# Your goal
The required answer is the run of lines from the one holding "خانواده اسرای فلسطینی" to the end of the data below, copied exactly and free of pictures.

··· Input material ···

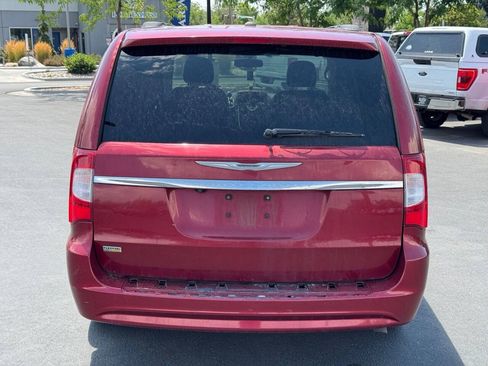 Used 2014 Chrysler Town & Country Touring FWD image 7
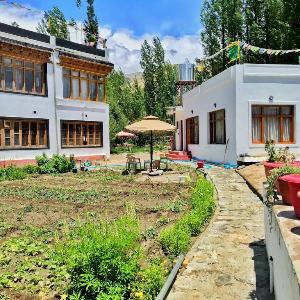 Sponbo Guest House Leh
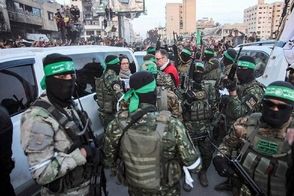 خانواده اسرای فلسطینی لباس جشن و شادی پوشیدند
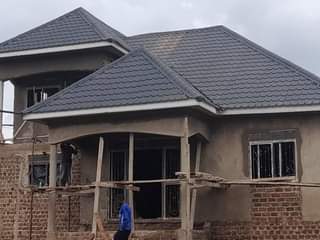 houses hoima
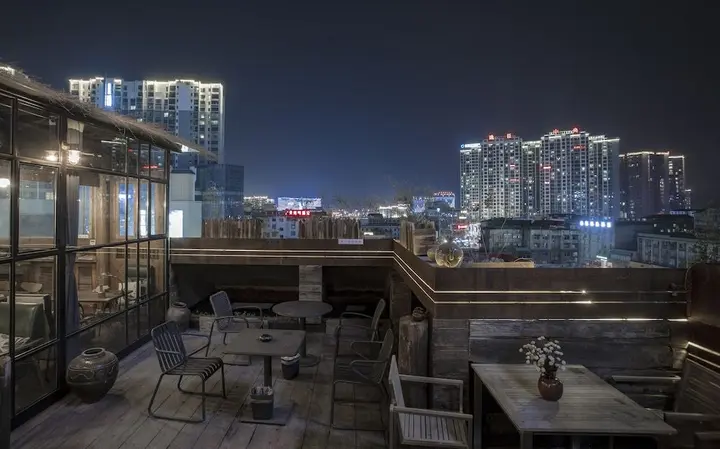 Чжанцзяцзе: Zhangjiajie Wang Yi Inn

···

# Result below
 خانواده اسرای فلسطینی لباس جشن و شادی پوشیدند
 houses hoima
 Чжанцзяцзе: Zhangjiajie Wang Yi Inn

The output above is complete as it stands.